Sources told Business Recorder here on Saturday that the snail's pace of implementation on FCTC had paved the way for the tobacco companies and the Federal Board of Revenue (FBR) to merely focus on their own proposals for the coming federal budget.
"Still the ministry has not stressed the implementation of sin tax and increase of pictorial warning on tobacco packs [by] up to 70 percent," the sources said.
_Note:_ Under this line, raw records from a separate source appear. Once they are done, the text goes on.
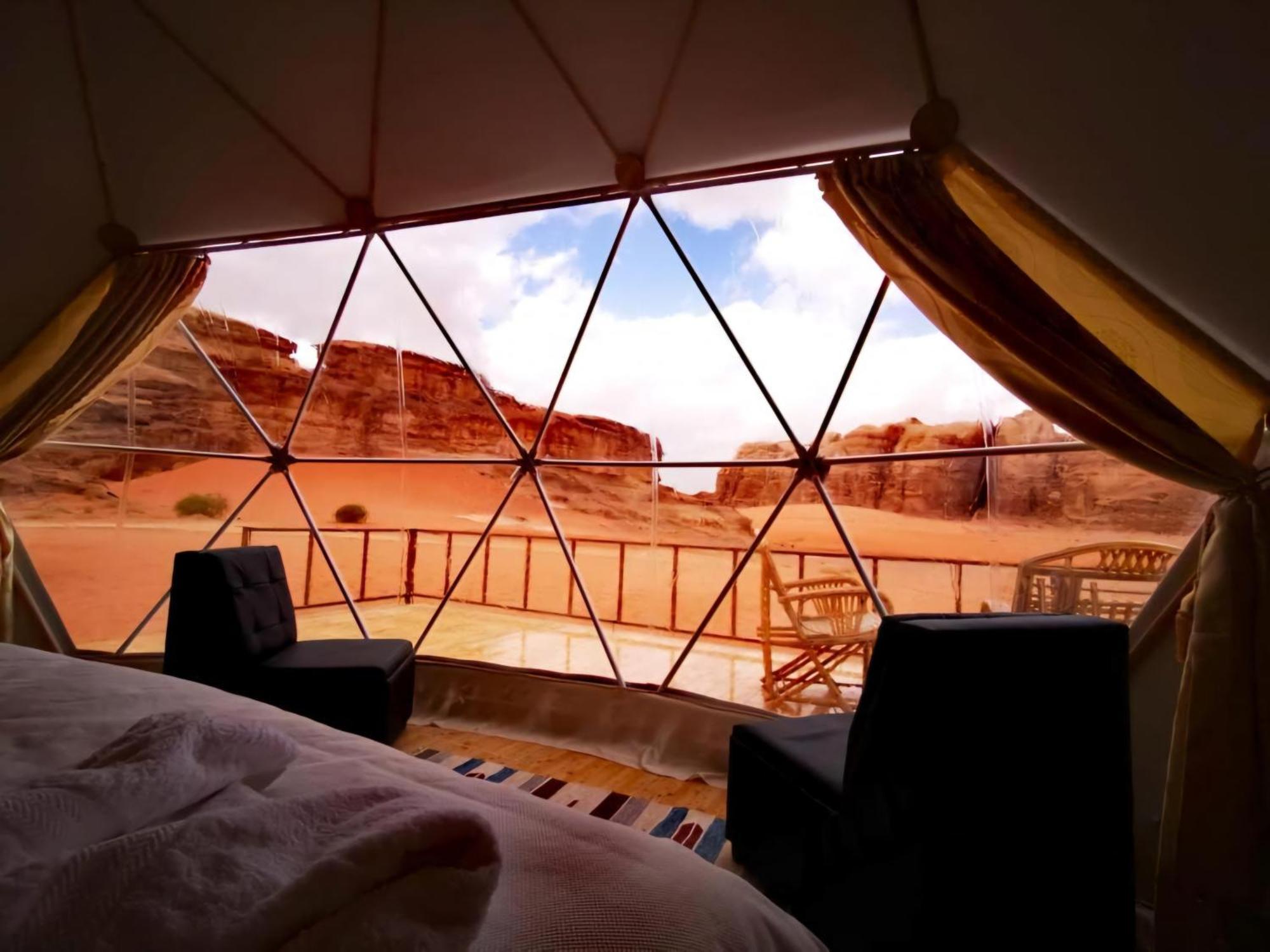 Rum Royal Flower Luxury Camp وادي رم المظهر الخارجي الصورة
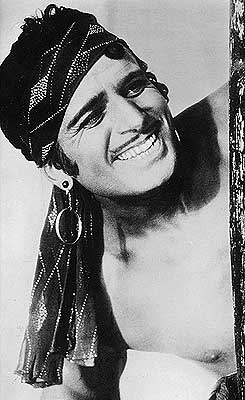 Файл:Thief of Bagdad 1924 Fairbanks.jpg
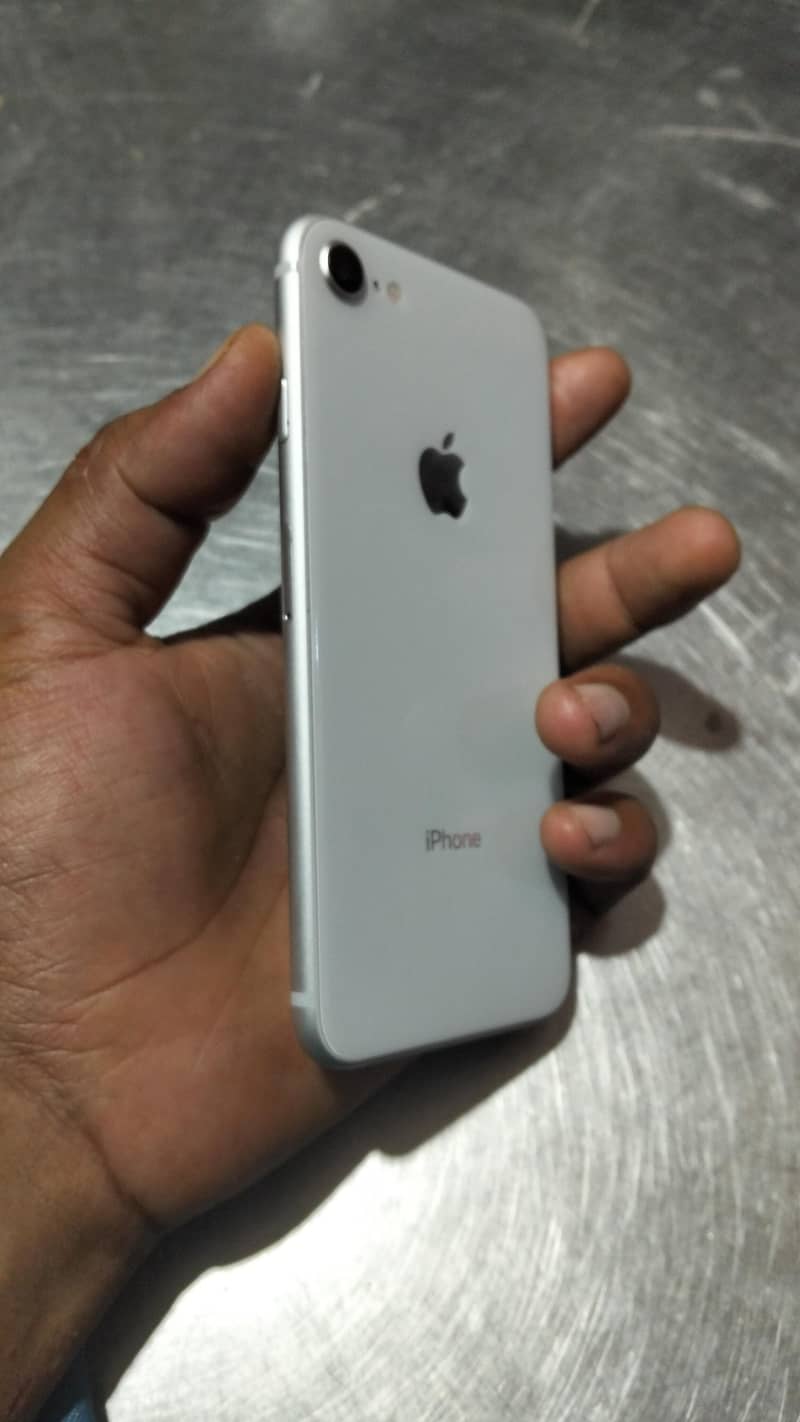 Apple iPhone 8 2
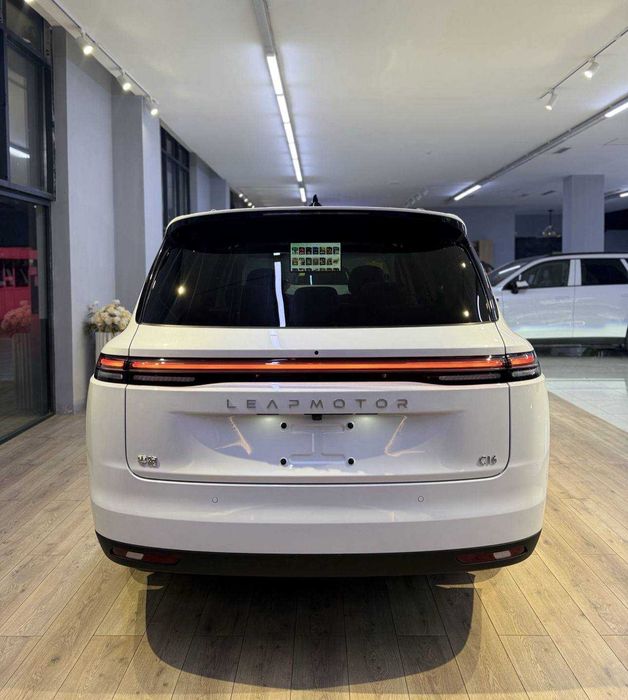 LEAPMOTOR C16 Premium Dop 580km Naqd va Nasiya Savdoga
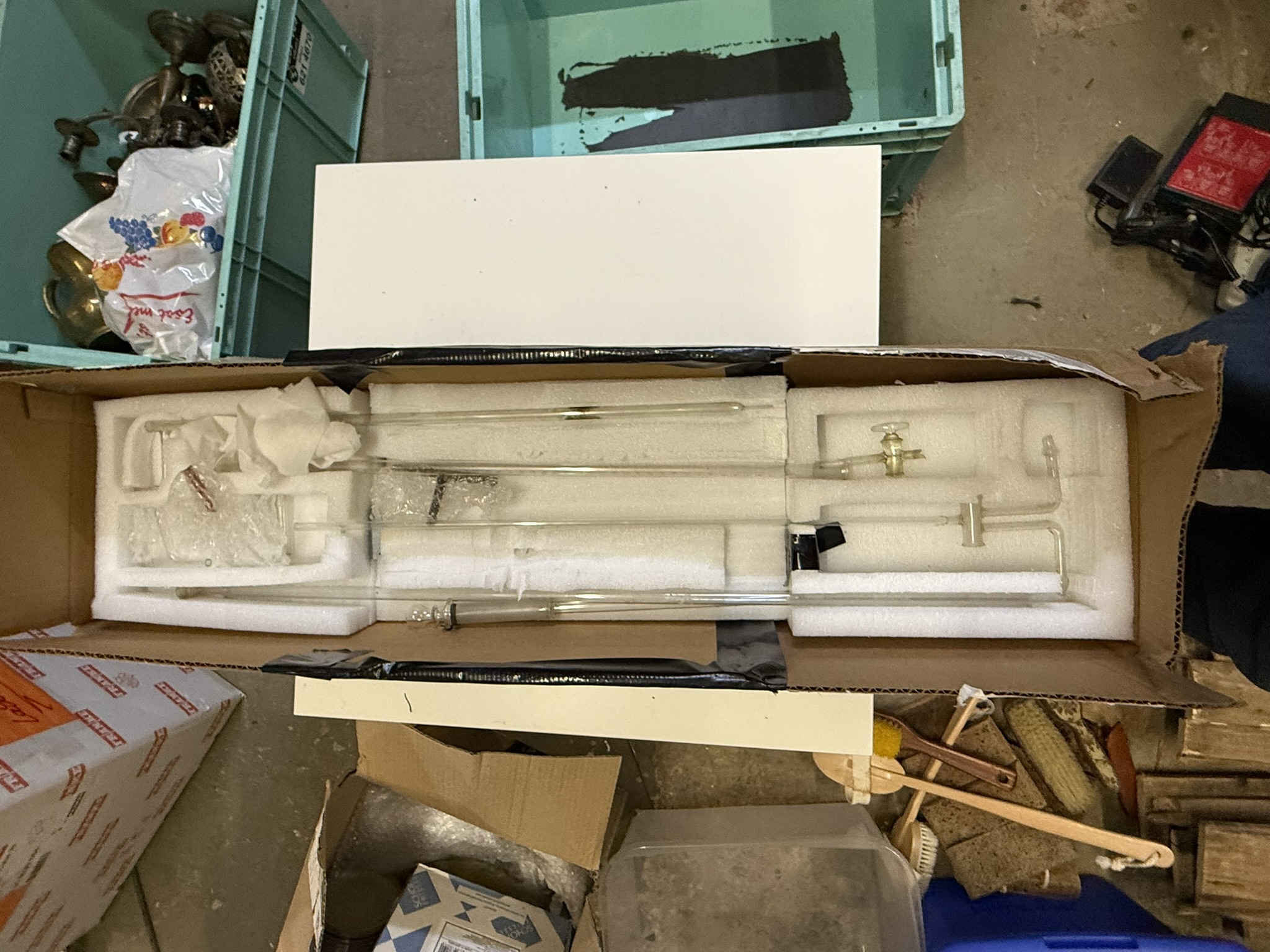 A01-009 Laborpipetten/Teile eines Destillierapparats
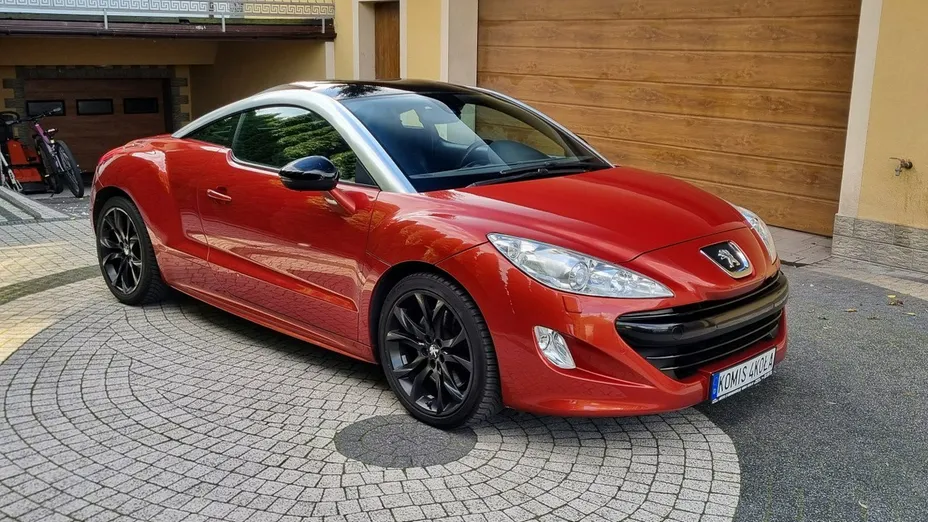PEUGEOT RCZ -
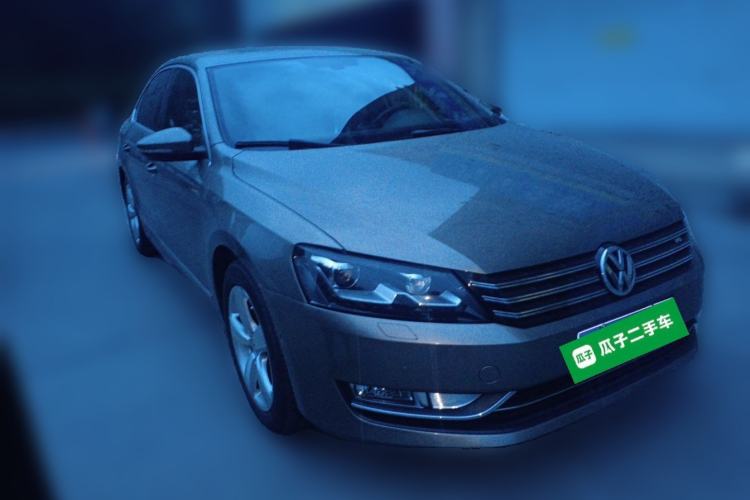Used Volkswagen Passat 2011 3.0L V6 DSG Flagship Edition Front Right 45 Deg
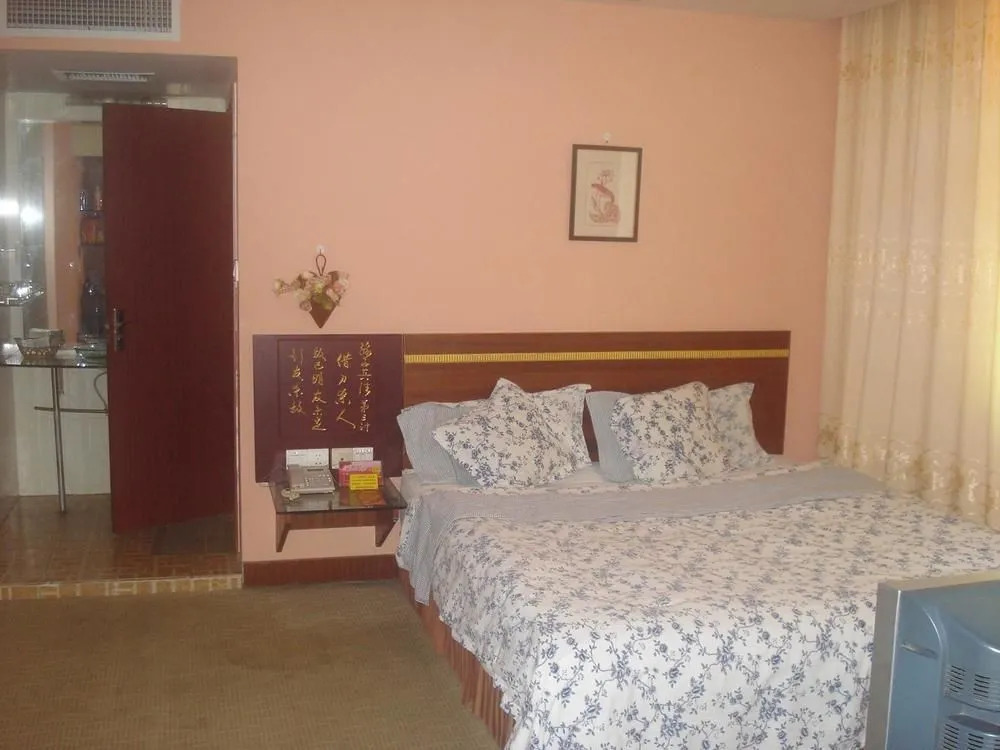 Дунъин: Dongying Shang 's Bauhinia Business Hotel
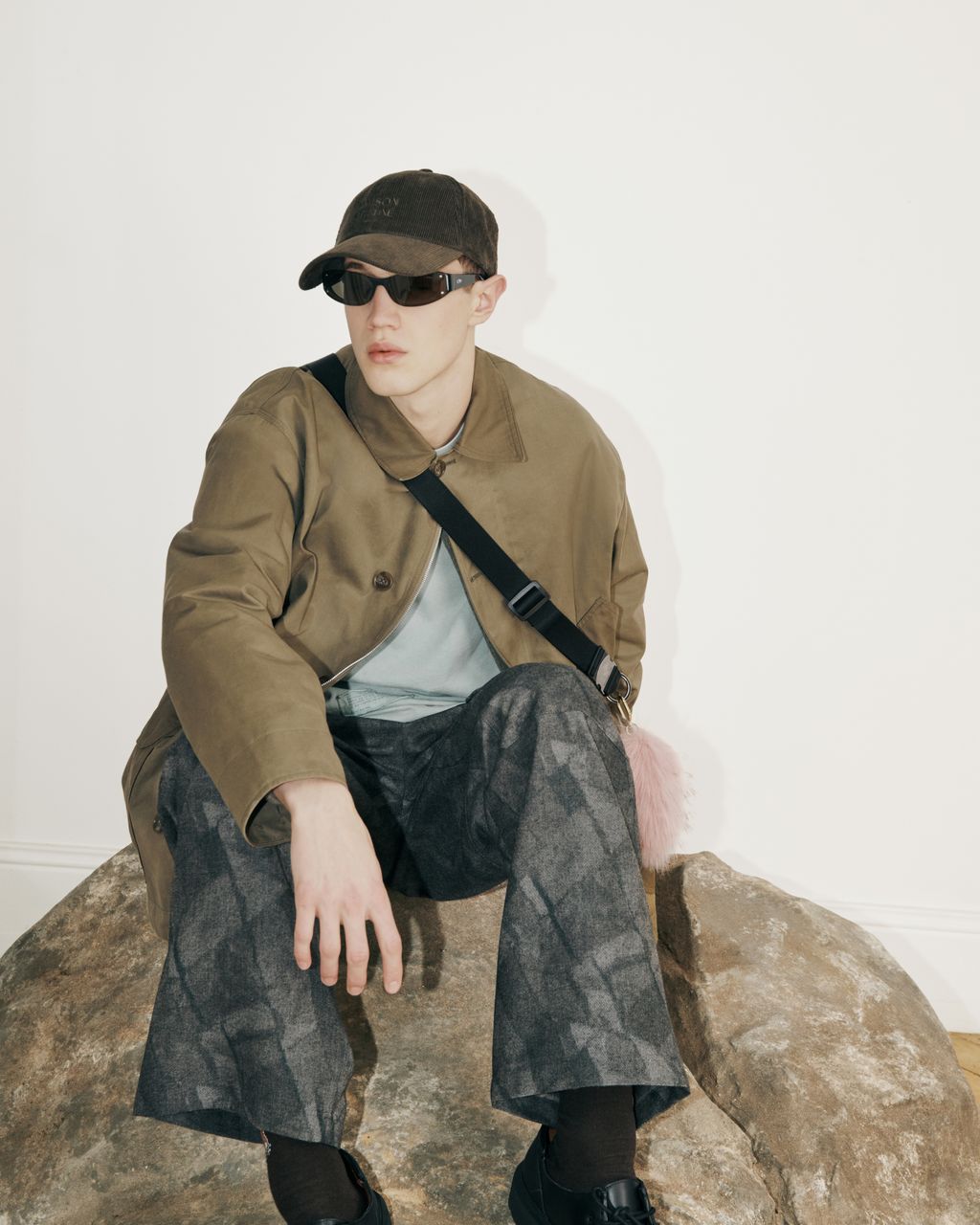 Fashion Week Paris Fall/Winter 2026 look 72 de la collection Maison Kitsuné womenswear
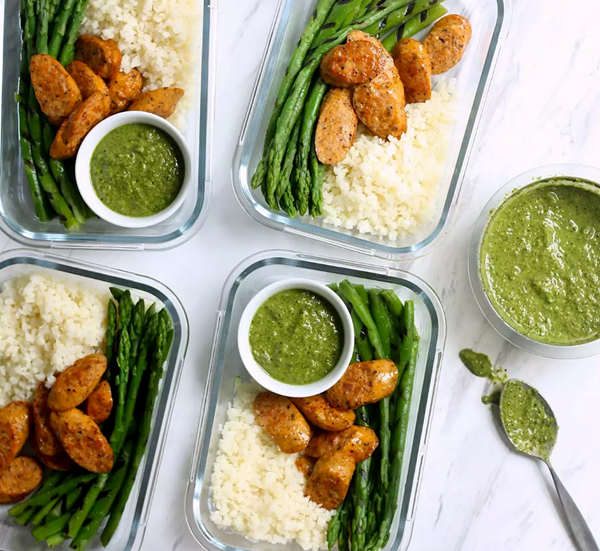 Cauliflower rice bowls with asparagus & chicken sausage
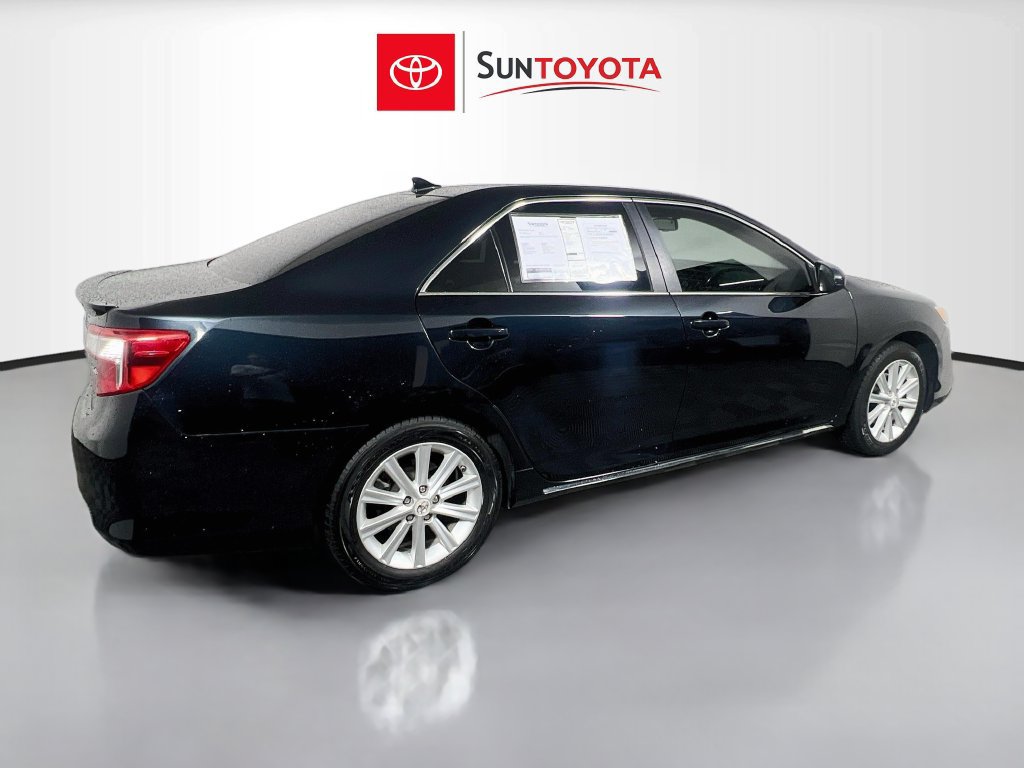 Used 2012 Toyota Camry XLE FWD image 3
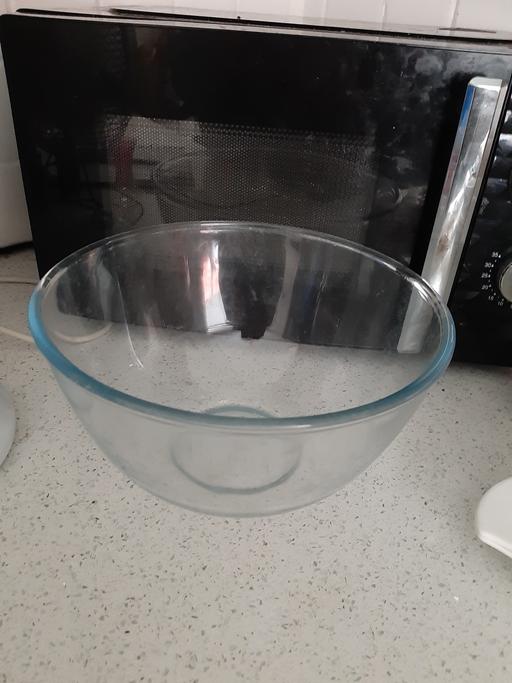 Buy & Sell South Hylton Sunderland - Photos for large glass bowl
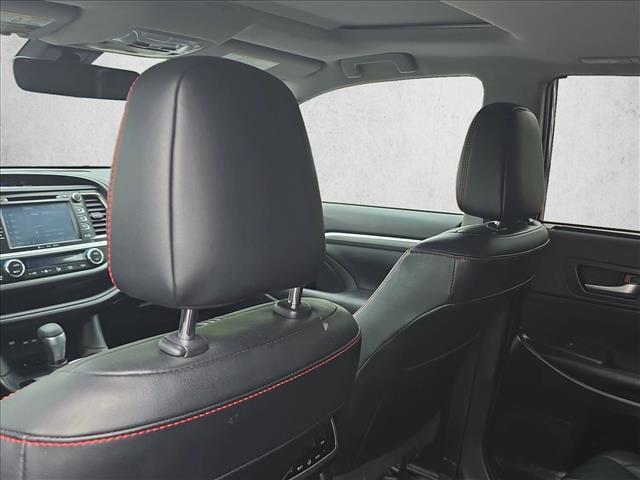 used 2019 Toyota Highlander car, priced at $28,022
The plan of earning from the increased taxes on tobacco products and spending on health infrastructure is still on paper.
"The FBR didn't pay attention to the Ministry of NHS proposals because the ministry itself didn't pursue the case it built," said the official.
Instead of working for the implementation of the levy on tobacco products, the ministry has still not fulfilled commitments made with the WHO FCTC.
Previous year, the ministry has proposed implementing the health tax on tobacco products, and in 2018, it had asked the FBR to increase the tax on tobacco products to spend the revenue on health sector.
However, both proposals were minutely considered by the FBR and the Finance Department.
"Meanwhile, this year, the ministry didn't even stress seriously for the increase of tobacco tax and raised issue with the finance department," officials said.
Meanwhile, Special Assistant to the Prime Minster (SAPM) on NHS Dr Zafar Mirza in his statement said that the global tobacco epidemic kills nearly eight million people globally.
More than seven million of these deaths are from direct tobacco use and around 1.2 million are due to non-smokers being exposed to second-hand smoke. More than 80 percent of these preventable deaths will be among people living in low-and middle-income countries.
In Pakistan, tobacco use remains a major public health challenge claiming 160,000 lives annually.
Furthermore, 1,200 Pakistani children between the ages of six to 15 start smoking daily, which is alarming.
Under the Framework Convention on Tobacco Control (FCTC), an international treaty to which Pakistan is a signatory, the Federal Ministry of National Health Services, Regulations and Coordination (MNHSRC) has an obligation to develop strategies to protect the health of Pakistanis from tobacco exposure.
Federal Ministry of National Health Services, Regulations and Coordination in coordination with the provinces has developed a draft national policy to sustain the tobacco control efforts in Pakistan.
Our ministry has tabled an ambitious tobacco taxation reforms proposal for consideration in the upcoming budget which seeks Rs24 billion in additional tax revenue, which will be used for saving the lives of public.
He said, "I am pleased to share that we successfully implemented a "Smoke-Free Islamabad Model" through 85 percent compliance of tobacco control laws. All public parks, high-rise buildings, food outlets and public transport smoke free in Islamabad. This model has also hence far been replicated in five model districts. Our Smoke Free Model has been acknowledged by the World Health Organization."
He said, "We will continue to strive to raise taxes, enhance size of graphic health warnings and promote a smoke-free society by providing a counter-marketing campaign, awareness against nicotine use and empower young people to engage in the fight against tobacco."